• Records provided:
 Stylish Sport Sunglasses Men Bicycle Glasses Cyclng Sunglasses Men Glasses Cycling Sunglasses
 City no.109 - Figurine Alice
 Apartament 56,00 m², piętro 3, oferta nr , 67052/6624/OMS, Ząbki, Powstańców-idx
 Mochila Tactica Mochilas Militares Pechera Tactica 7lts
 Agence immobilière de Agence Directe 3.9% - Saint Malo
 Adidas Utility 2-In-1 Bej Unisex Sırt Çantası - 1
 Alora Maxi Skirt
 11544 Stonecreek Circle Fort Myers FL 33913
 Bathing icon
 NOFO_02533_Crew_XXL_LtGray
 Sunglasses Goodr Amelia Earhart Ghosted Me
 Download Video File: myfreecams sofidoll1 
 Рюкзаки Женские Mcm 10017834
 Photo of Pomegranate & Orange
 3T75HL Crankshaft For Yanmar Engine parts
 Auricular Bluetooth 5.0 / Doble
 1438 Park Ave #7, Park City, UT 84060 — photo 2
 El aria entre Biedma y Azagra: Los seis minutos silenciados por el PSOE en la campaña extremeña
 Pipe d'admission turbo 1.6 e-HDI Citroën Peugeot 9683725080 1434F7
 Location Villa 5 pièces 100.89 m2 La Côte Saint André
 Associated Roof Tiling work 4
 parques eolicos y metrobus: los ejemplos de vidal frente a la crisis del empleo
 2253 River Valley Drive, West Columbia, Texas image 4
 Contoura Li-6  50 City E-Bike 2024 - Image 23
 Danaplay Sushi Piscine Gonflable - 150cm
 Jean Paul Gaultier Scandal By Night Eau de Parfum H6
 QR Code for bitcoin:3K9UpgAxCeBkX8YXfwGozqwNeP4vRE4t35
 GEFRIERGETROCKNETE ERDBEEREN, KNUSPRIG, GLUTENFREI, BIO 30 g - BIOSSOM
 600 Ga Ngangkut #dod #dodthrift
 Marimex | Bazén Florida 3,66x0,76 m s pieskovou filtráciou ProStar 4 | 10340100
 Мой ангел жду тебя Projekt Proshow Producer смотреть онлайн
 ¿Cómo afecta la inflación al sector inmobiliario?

• Task objective: Starting at the line that contains "QR Code for" and stopping after the line that contains "Мой ангел жду", write out every line exactly as it appears above, and no other line.

• Solution for this task:
 QR Code for bitcoin:3K9UpgAxCeBkX8YXfwGozqwNeP4vRE4t35
 GEFRIERGETROCKNETE ERDBEEREN, KNUSPRIG, GLUTENFREI, BIO 30 g - BIOSSOM
 600 Ga Ngangkut #dod #dodthrift
 Marimex | Bazén Florida 3,66x0,76 m s pieskovou filtráciou ProStar 4 | 10340100
 Мой ангел жду тебя Projekt Proshow Producer смотреть онлайн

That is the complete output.